The Geomblog: 05/01/2008

Wednesday, May 28, 2008

P vs NC IV: Linear PRAMs I

1. Prelude

Taken together, the P vs NC paper is quite intimidating in its size and scope. And yet, when it's cut down to bite-sized blogging chunks, the pieces seem to follow inexorably in a manner that leaves one asking, 'how else could it have been'. There's the key inspiration of using parametric complexity, the magic trick we'll see more of today. But the rest of it uses the kind of geometric arguments that are familiar to anyone who's read papers on the complexity of arrangements. Make no mistake: taking care of issues of bit complexity requires delicate arguments. But the main thrust of the approach is surprisingly easy to explain, ONCE we've accepted the magic trick.

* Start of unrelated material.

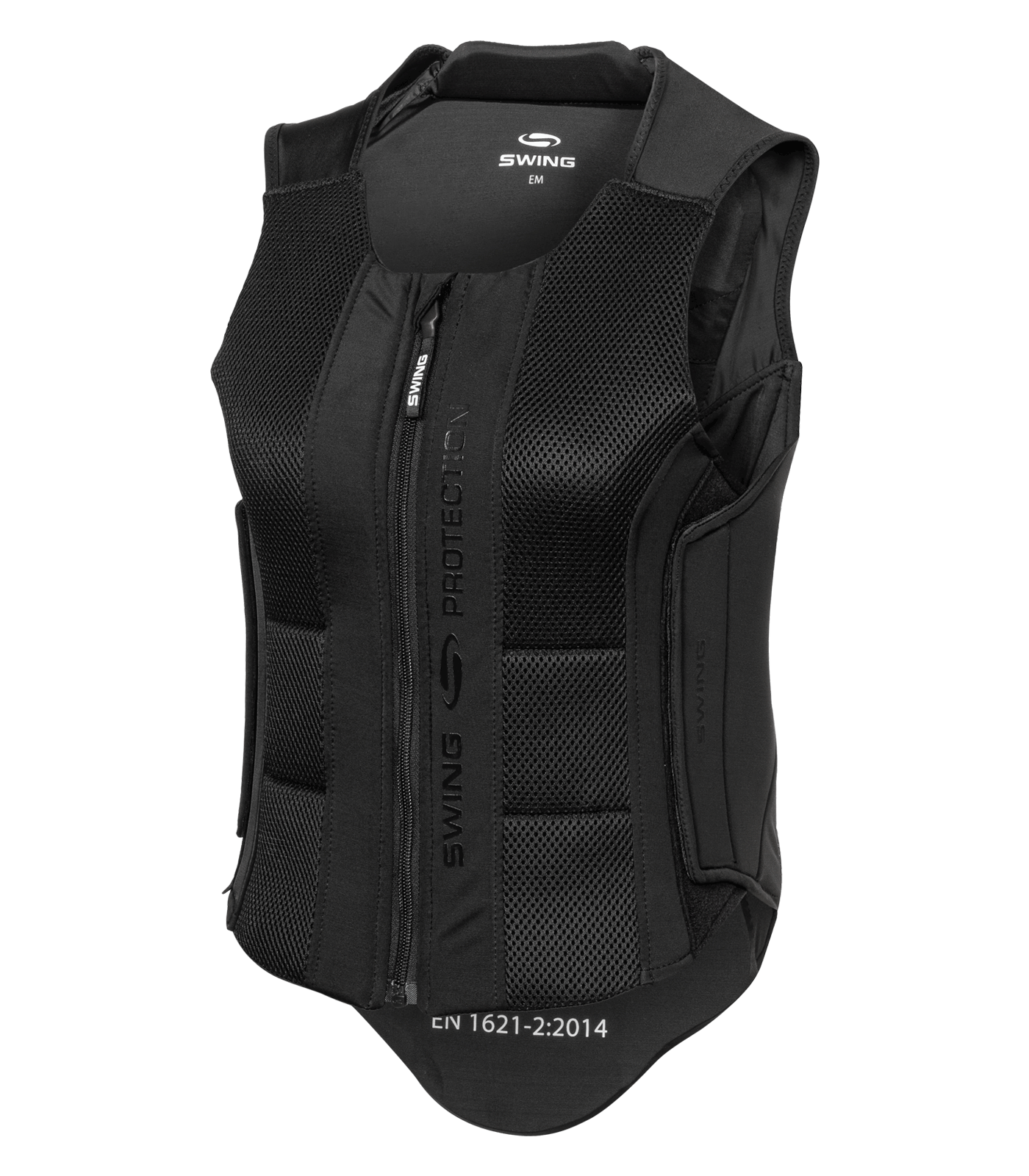 Swing Swing kamizelka ochronna dla dzieci P24 Pro 24h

In this post and the next, we'll begin to see glimmers of the WHY for the parametric argument. In brief, using parametric complexity allows us to navigate an affine subspace of the space of all possible inputs, and then we let geometry take over and guide us.

2. Linear PRAMs

We're close to seeing the main killer argument at the heart of the paper. But as with many arguments, it's easier if we look at a skeleton argument applied to a somewhat simpler case. We already saw a toy example of this argument, and now we'll move to a more nontrivial model, that of linear PRAMs.

In the first post, we defined a linear PRAM as a PRAM-without-bitops in which all multiplications are by a constant. We'll see a slightly stronger lower bound for computations in this model. Specifically, we will show that for a problem with parametric complexity $\phi(n, \beta(n))$ and bitsize $\beta(n)$ , there exists a large enough constant b such that the problem cannot be solved on a linear PRAM with p processors in time $\log \phi/(b \log p)$ . This generalizes the bound that will hold for the stronger model: namely, time $\sqrt{\log \phi}/b$ with $2^{\sqrt{\log \phi}/b}$ processors.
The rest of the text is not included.